Knob Creek Small Batch, 12 YO and 15 YO

(Credit: Richard Thomas)

No news sells like bad news, so it was a good news day for the doom-singers when Knob Creek dropped its age statement in 2016. They crowed “I told ya so,” and pointed even more forcefully to an ever grimmer future.

But then an interesting thing happened. Earlier this year, Knob Creek brought back the 9 year old age statement for its small batch bourbon. As if that weren’t enough, the company then went on to introduce a regular version of the 12 year old version and a limited edition, annual 15 year old version. It’s as if Fred Noe decided to spend 2020 telling bourbon enthusiasts, “See, things aren’t so bad after all.” It’s been a pretty craptastical year overall, but there was a major bright spot for fans of things Jim Beam.

Leaving aside how the creation of a 9-12-15 line of Knob Creek bourbons upends the gloomy bourbon shortage storyline, it also raises the question of how well does Knob Creek age. The answer is an interesting one, because in my estimation it isn’t exactly linear.

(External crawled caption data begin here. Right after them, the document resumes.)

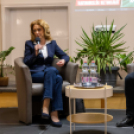 Ferencz Orsolya űrkutató, űrkutatásért felelős miniszteri biztos lakossági fóruma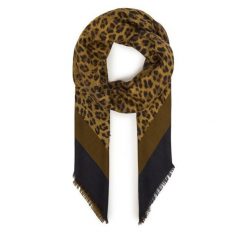 Chusta Weekend Max Mara. Czarne szaliki i chusty damskie Weekend Max Mara, bez wzorów. Za 729.99 zł.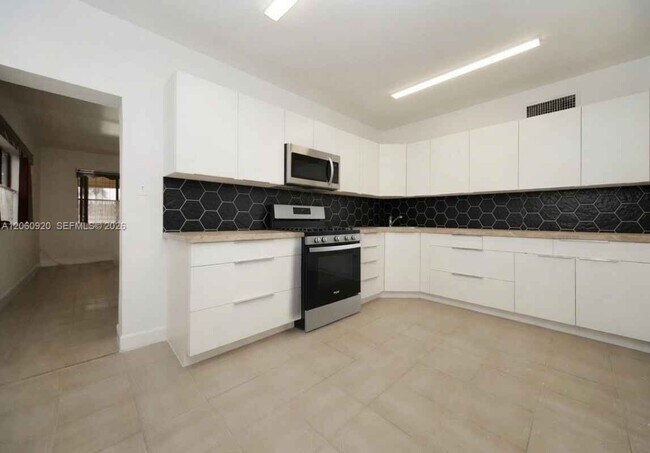 Foto del edificio - 8636 NW 35th Pl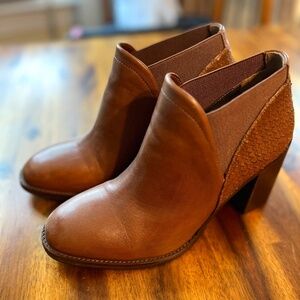 Johnston & Murphy Heidi Gore Bootie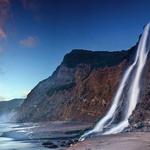 Hike to Alamere Falls
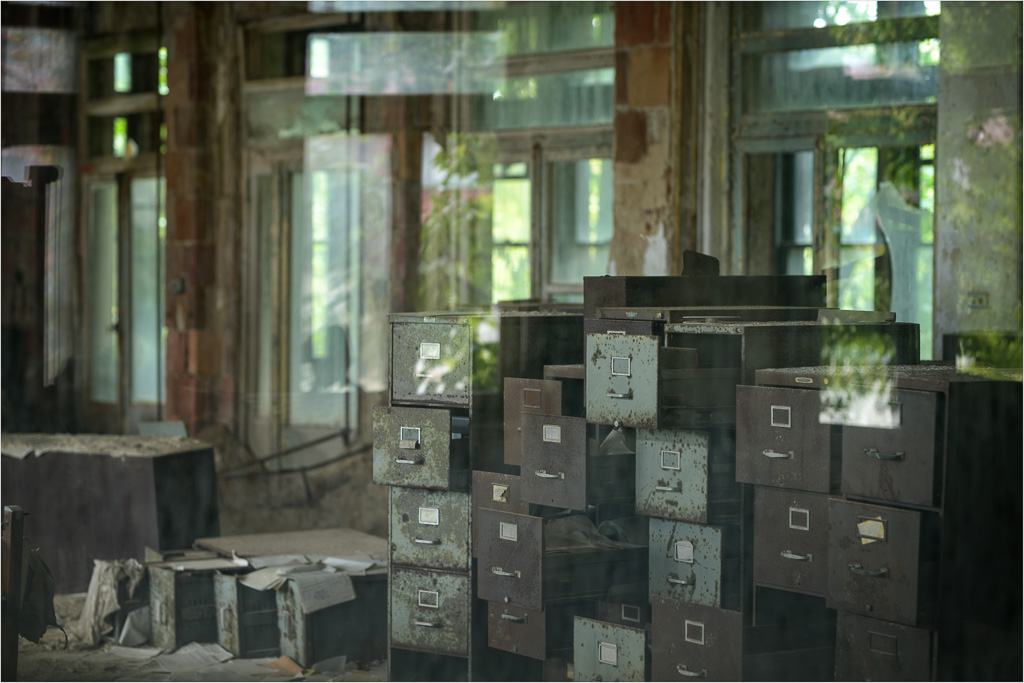 Reflecting-On-Empty-Cabinets.jpg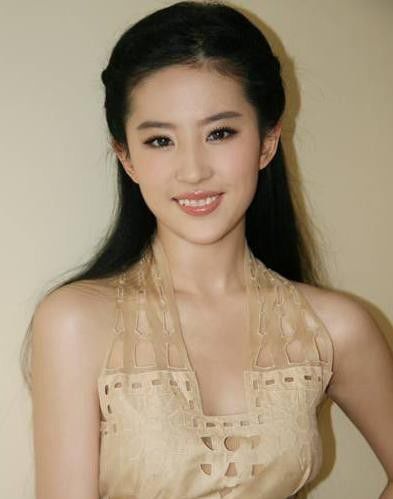 ��Ӱ����У����Ů���Ǵ�PK(��ͼ)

Starting with the original Knob Creek 9, I poured from a bottle that predated the replacement of this expression with the NAS version. This is because I take it at face value that it’s the same thing as the revived 9 year old version, seeing as how it’s made by the same company, the same people, and it’s been off the shelf for less than four years. Also, I’m not a conspiracy theorist.

As a classic from the 1990s “small batch era,” the qualities of Knob Creek 9 Year Old are well known. It’s a 100 proof, reasonably priced, properly mature staple of the Jim Beam line-up, serving as a benchmark for what bourbon at that level ought to be. The flavor profile has a rich, but traditional blend of candy corn and caramel sweetness, balanced by cinnamon spiciness, and rounded out with an earthy and charred quality that endows it with heft.

Knob Creek 12 Year Old is very much in tune with what one would expect from an extra three years in the cask. It’s earthier, woodier and spicier. Yet at the same time, it also brings along an indistinct, modest note of red fruitiness. So, in addition to going deeper into its familiar territory, the 12 Year Old also branches out into new territory, if only by a single step.

That becomes important for the 15 Year Old, because while the bourbon is unquestionably leathery, it also builds on that fruitiness. The spiciness and woodiness have evolved as well as deepened, running to spearmint and cedar, which compliments the fuller note of red fruit and berries much better than oak and cinnamon. It’s not as balanced as the 9 and 12 year old whiskeys due to the stronger wood profile, but then again, older bourbons are rarely all that balanced, and this one is perched right on the line between middle aged and truly old. Even so, the 15 Year Old is very far from being a woody bourbon, and the cedar-herbal twist that developed allows it to retain a fair and even character.